+++ AVAILABLE DATA

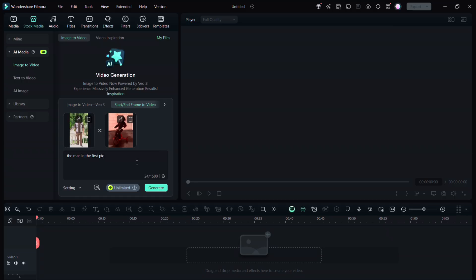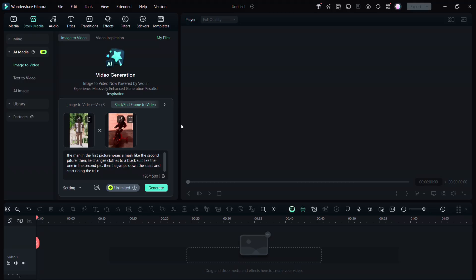Then you have to write the prompt to describe the transition effect you want. The man in the first picture wears a mask like the second picture, then he changes clothes to a black suit like the one in the second pic. Then he jumps down the stairs and starts riding the tricycle in the second picture. The background becomes spooky with smoke.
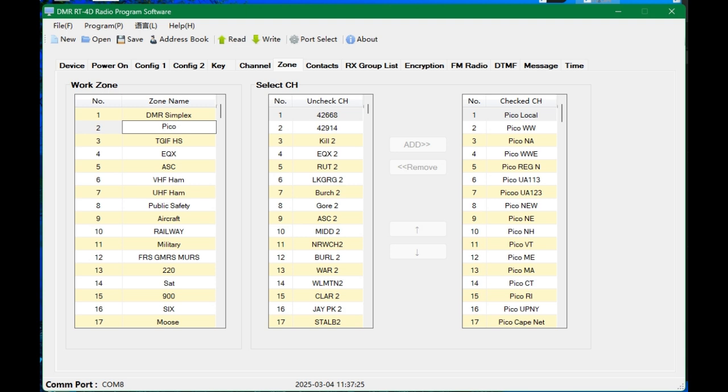And every time you make a change or you do something, always hit that save button. Save the file before you proceed. That way you don't mess up. So you're going to create a zone. You're going to scroll through the selected channels. Select each one. Hit the little add button. It's going to populate them in the third little window over there. It says number, check channels, and save. And then we will proceed.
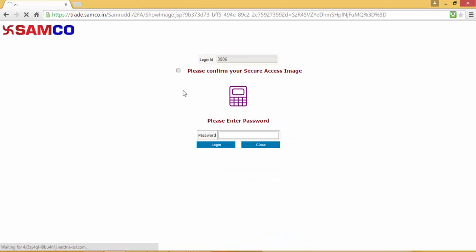Once you enter your username and sign in, you'll be required to confirm your secure access image. Then enter the password and click on Login.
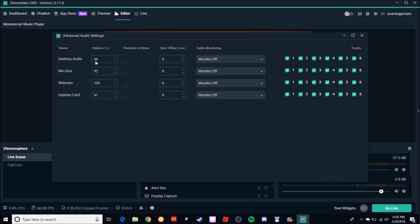So Desktop Audio first. Like I said, with the Hauppauge there's about a one second delay on the gameplay - that's just how it captures. And so I want to add a one second delay to my Desktop Audio. One second is a thousand - this is in milliseconds - so one second is a thousand milliseconds. So I'm going to put a 1000 millisecond delay.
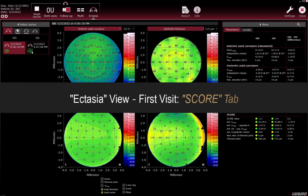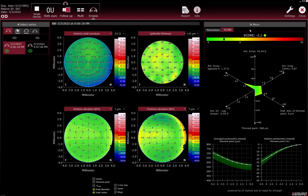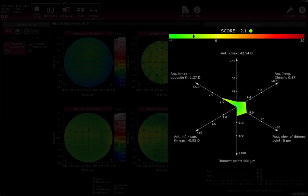Ectasia view first visit — Score tab. In the Score tab, review the measurements and parameters. The score value is calculated from the shown parameters that are suspected to be discriminant topographic indices for ectatic changes in the cornea. The score bar visually locates the score value on a colour scale bar with a value range from minus 4 to 20. The black oval symbol on the score bar indicates the position of the score value.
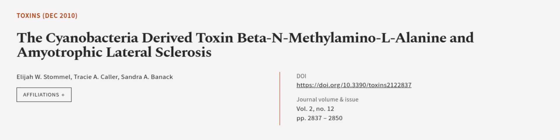These findings suggest that BMAA may be responsible for the development of ALS and related neurodegenerative diseases. This article was authored by Elijah W. Stommel, Tracy A. Collar, and Sandra A. Banik.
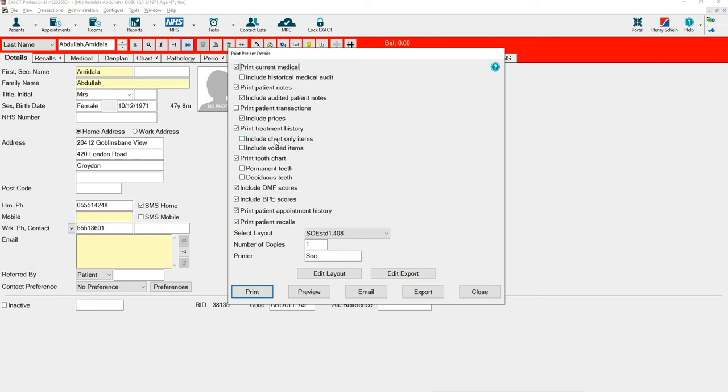If you would like to include items which have not been charged you will need to press include chart only items and if you want to include treatment that's previously been voided ensure there is a tick in include voided items.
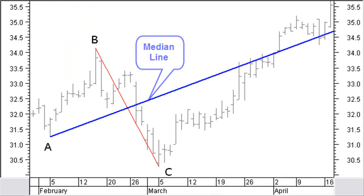For the construction of the median line, you calculate the midpoint of the reaction BC. However, this line is normally not drawn. Next, you use a previous reference high or low point, drawing a line through this midpoint. This is the median line.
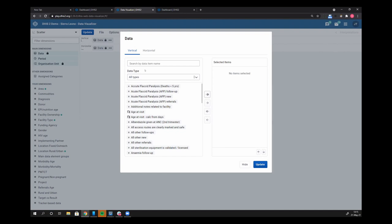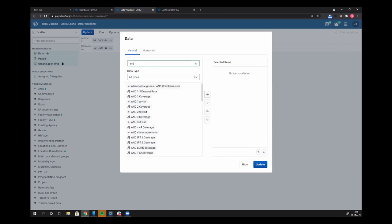So I'm going to just search for ANC, and when I search for ANC you can see that I'm having different data items come up. You see that I have a standard data element here, and if I hover over it you can see that each one of these different data items has a different icon next to it indicating what kind of data item it is.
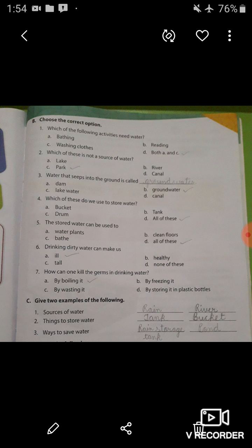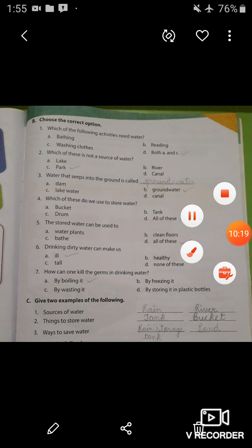Now your exercises A, B and C are completed. The remaining exercises of this chapter will be done in the next video. Till then, stay safe, stay healthy and stay at your home. Thank you students, bye and take care.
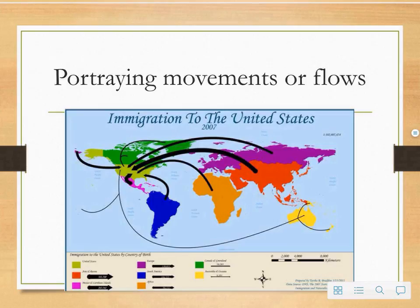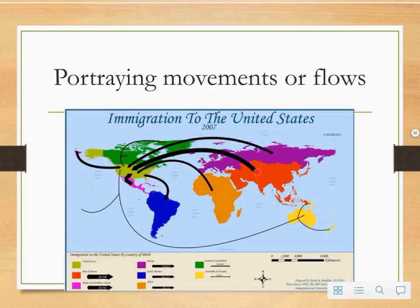So people can pick up this map and understand that more people have migrated from Asia to the United States than from Australia. You might also notice that each line is a different thickness — this represents volume. So we can see that more people from Asia or from Northern Europe have migrated to the United States compared to Australia, New Zealand and Papua New Guinea.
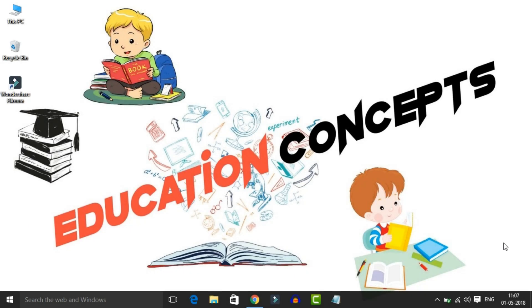Hi friends, welcome to Education Concepts. We will cover the Indian Air Force Recruitment 2018 notification and tell you about the details in this video.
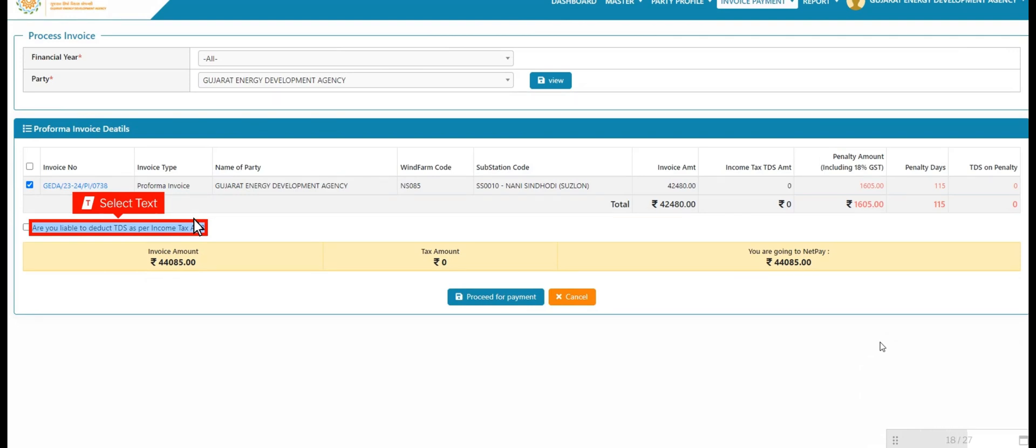User selects invoice number. User clicks on checkbox if liable to deduct TDS as per Income Tax Act.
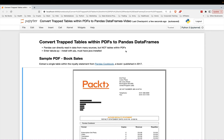Welcome, everyone. My name is Teddy Petru, and I'm here with another Python data science tutorial. In this one, we're going to learn how to convert trapped tables within PDFs to Pandas data frames.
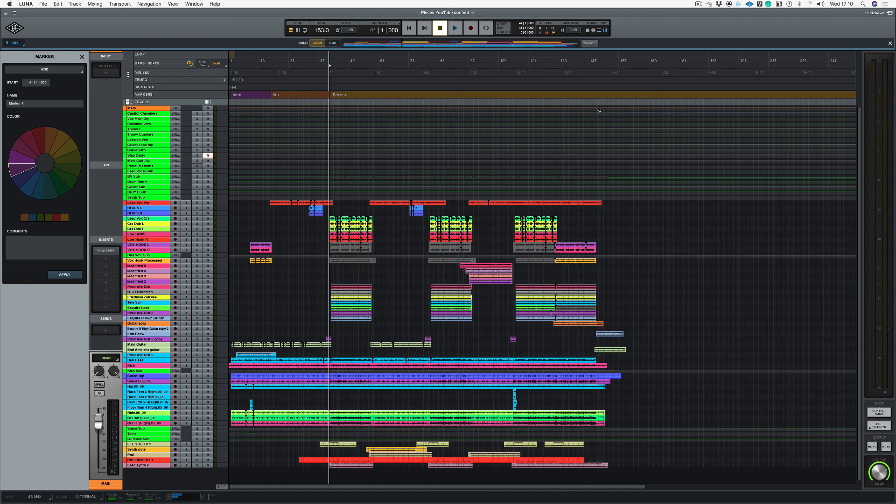What I'm going to do now just to save your boredom is I'm going to go through the song and I'm going to put all my markers in.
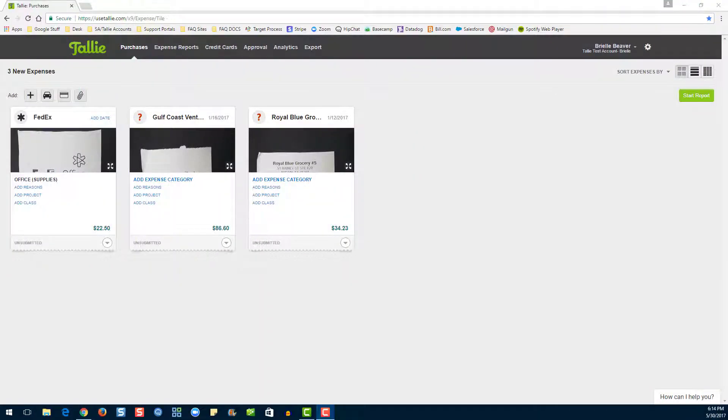Hello, my name is Emily. I'm a product expert here at Tally and today I'm going to be walking you through your Tally credit card webinar.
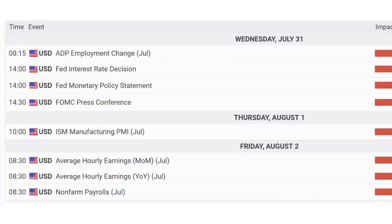Finally, some big economic data is set to be released next week: Wednesday's ADP employment, the Fed interest rate decision at 2 p.m. on Thursday, ISM Manufacturing PMI, and Friday's average hourly earnings and non-farm payrolls. Hope that helps — have a great rest of your trading week, and we'll see you back next week in the FFR Trading Market Minute.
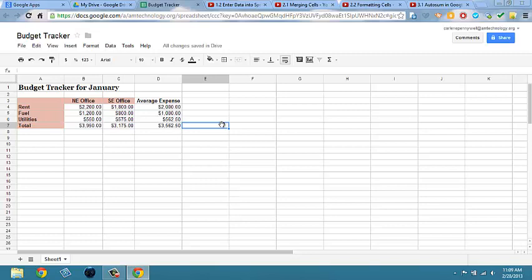Take a moment to add the average formula and fill down.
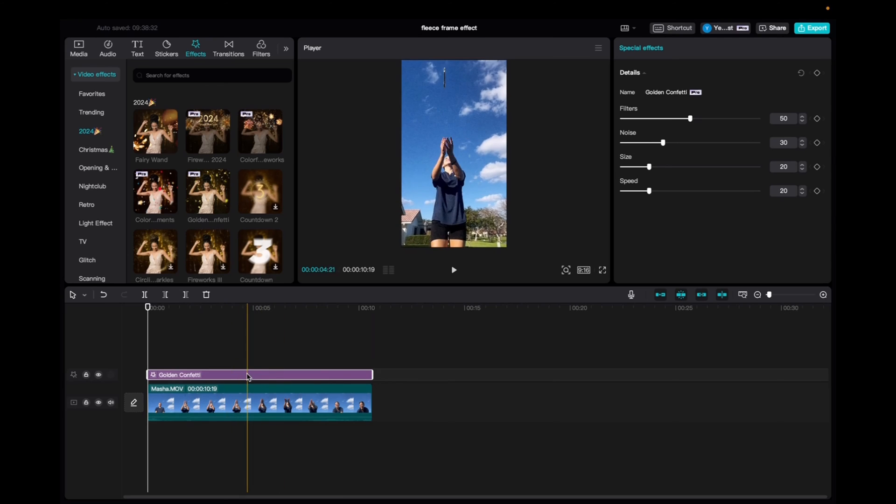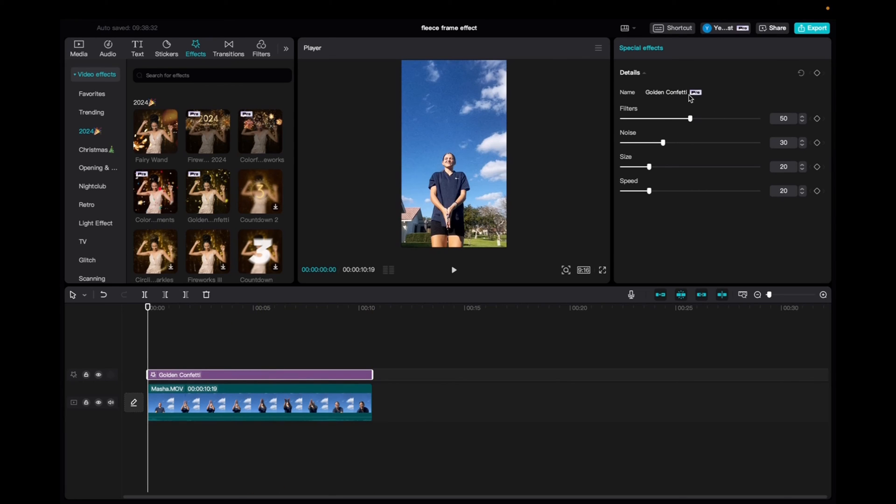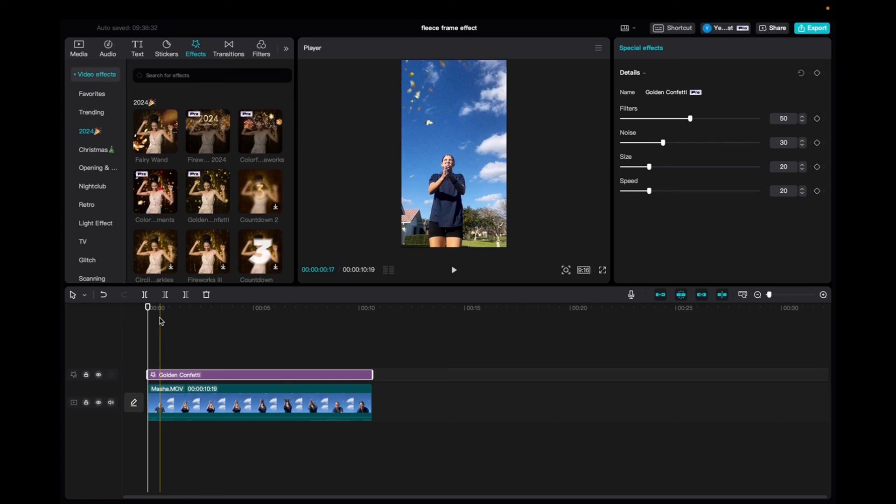And now with it being selected, we can go up to the special effects tab and we can mess with the filter, the noise, the size, and the speed, and also add keyframes if we'd like. So let's take a look.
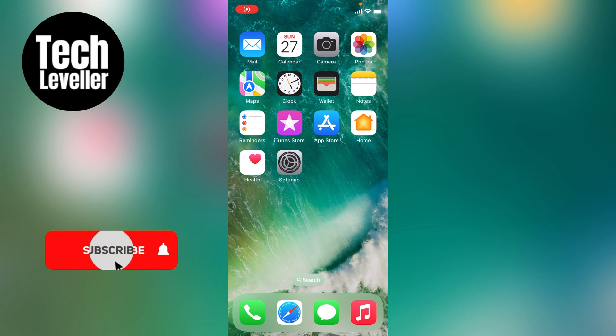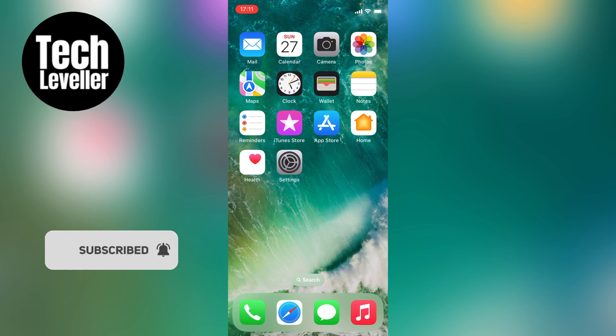Welcome to Tech Leveller, and in this quick video, I'm going to show you how to turn off inverted camera on your iPhone.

++++++

Restate each entry verbatim and skip every image.

Then you have to write the prompt to describe the transition effect you want. The man in the first picture wears a mask like the second picture, then he changes clothes to a black suit like the one in the second pic. Then he jumps down the stairs and starts riding the tricycle in the second picture. The background becomes spooky with smoke.
And every time you make a change or you do something, always hit that save button. Save the file before you proceed. That way you don't mess up. So you're going to create a zone. You're going to scroll through the selected channels. Select each one. Hit the little add button. It's going to populate them in the third little window over there. It says number, check channels, and save. And then we will proceed.
Once you enter your username and sign in, you'll be required to confirm your secure access image. Then enter the password and click on Login.
So Desktop Audio first. Like I said, with the Hauppauge there's about a one second delay on the gameplay - that's just how it captures. And so I want to add a one second delay to my Desktop Audio. One second is a thousand - this is in milliseconds - so one second is a thousand milliseconds. So I'm going to put a 1000 millisecond delay.
Ectasia view first visit — Score tab. In the Score tab, review the measurements and parameters. The score value is calculated from the shown parameters that are suspected to be discriminant topographic indices for ectatic changes in the cornea. The score bar visually locates the score value on a colour scale bar with a value range from minus 4 to 20. The black oval symbol on the score bar indicates the position of the score value.
These findings suggest that BMAA may be responsible for the development of ALS and related neurodegenerative diseases. This article was authored by Elijah W. Stommel, Tracy A. Collar, and Sandra A. Banik.
If you would like to include items which have not been charged you will need to press include chart only items and if you want to include treatment that's previously been voided ensure there is a tick in include voided items.
For the construction of the median line, you calculate the midpoint of the reaction BC. However, this line is normally not drawn. Next, you use a previous reference high or low point, drawing a line through this midpoint. This is the median line.
So I'm going to just search for ANC, and when I search for ANC you can see that I'm having different data items come up. You see that I have a standard data element here, and if I hover over it you can see that each one of these different data items has a different icon next to it indicating what kind of data item it is.
Now your exercises A, B and C are completed. The remaining exercises of this chapter will be done in the next video. Till then, stay safe, stay healthy and stay at your home. Thank you students, bye and take care.
So people can pick up this map and understand that more people have migrated from Asia to the United States than from Australia. You might also notice that each line is a different thickness — this represents volume. So we can see that more people from Asia or from Northern Europe have migrated to the United States compared to Australia, New Zealand and Papua New Guinea.
Hi friends, welcome to Education Concepts. We will cover the Indian Air Force Recruitment 2018 notification and tell you about the details in this video.
User selects invoice number. User clicks on checkbox if liable to deduct TDS as per Income Tax Act.
Welcome, everyone. My name is Teddy Petru, and I'm here with another Python data science tutorial. In this one, we're going to learn how to convert trapped tables within PDFs to Pandas data frames.
What I'm going to do now just to save your boredom is I'm going to go through the song and I'm going to put all my markers in.
Hello, my name is Emily. I'm a product expert here at Tally and today I'm going to be walking you through your Tally credit card webinar.
Finally, some big economic data is set to be released next week: Wednesday's ADP employment, the Fed interest rate decision at 2 p.m. on Thursday, ISM Manufacturing PMI, and Friday's average hourly earnings and non-farm payrolls. Hope that helps — have a great rest of your trading week, and we'll see you back next week in the FFR Trading Market Minute.
Take a moment to add the average formula and fill down.
And now with it being selected, we can go up to the special effects tab and we can mess with the filter, the noise, the size, and the speed, and also add keyframes if we'd like. So let's take a look.
Welcome to Tech Leveller, and in this quick video, I'm going to show you how to turn off inverted camera on your iPhone.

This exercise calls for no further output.